We started entering our produce into the village show back in 2012. We have always been fans of a good village show, it brings a community together and gives you a real chance to meet neighbours you may not see on a day to day basis. It also brings out that competitive streak that can also be found in the world of growing and baking. Carol entered two loaves in the bread category and took first and third places, a double whammy that she is immensely proud of. Bread making is always a hotly contested category at village shows, along with cakes and preserves. It's like watching the WI in a pitched battle with the Paul Hollywood tribute society. A hundred Paul Hollywood's being beaten to a pulp with Victoria sponges and French baguettes is as inspiring as popping the seal on a chutney. Village shows have become the new rock and roll for people to show their produce, this showing off has taken many forms from guerrilla gardening, to incredible edible, to television programmes with a real drive to show food and growing of food in the public arena. It is not a bad thing. Though many would have us think so. We only need to look at how we are losing allotments to housing and how cheap some so-called bread is. Growing and baking is something we should not take for granted. Neither should we allow our green spaces to become concrete spaces. Food is not a mystery, food is not something to be frightened of, or even shunned under astro turf, we all eat it and we should all at least try to grow it once we leave primary school. The ubiquitous sunflower seed given to you before the Easter holidays was fun when you were five but growing your own potatoes is a world away when it comes to pleasure. Baking your own bread is a million miles away from buying a so-called loaf from the shop. This is no longer a question of: why do you do that? It has become more a clarion call of: why don't you?
Even growing flowers can and should bring pleasure to the garden and gardener. Andrew got third for his dahlias and Carol got third for her flower arrangement.
She literally went out into the garden an hour before the show set up and collected what was in season and then prepped them in a vase. We're great believers in also getting something edible into a flower arrangement and we got in some herbs that were flowering. It's important that we see flowers that are bee friendly alongside food that is bee friendly too, and village shows can be a real melting pot for growing ideas and solutions. There are years though in which we can do nothing about the weather, and we take what we have in the garden. Sometimes the weather, like this year, has been too cool. So things are late and not ready for showing. We even made the difficult decision of not taking our dilly beans, we have a few jars but these are jars we want to save for winter and opening them now means we have to eat them. No hardship but we have fresh beans coming in all the time and canned beans are something that is glorious in the winter months.

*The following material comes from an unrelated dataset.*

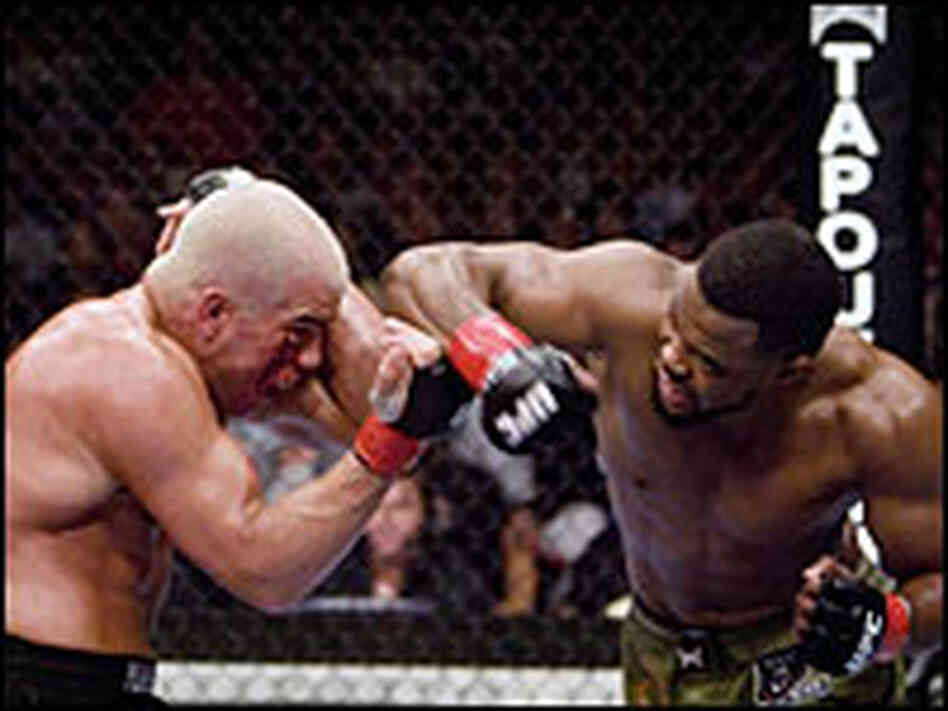 Tito Ortiz (left) battles Rashad Evans during the Sacramento UFC event. The fight ended in a draw.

We are awash with dahlias though and our Sensationalism variety that survived the great dahlia rot of last winter. The dahlias last year were breathtakingly beautiful and sadly we don't have the wealth we had last year but what we have are glorious and they took the third prize.
If you have a village show near you, enter it next year. If you have a front garden which is only a lawn, get rid of it and plant vegetable and flowers. If you have a windowsill, grow a tomato plant. If you have window box, grow herbs. For growing is not a private thing, it is something we should share and like food, it is necessary and it is vital. We believe that village shows are, in turn, necessary and vital so we can all connect with the community.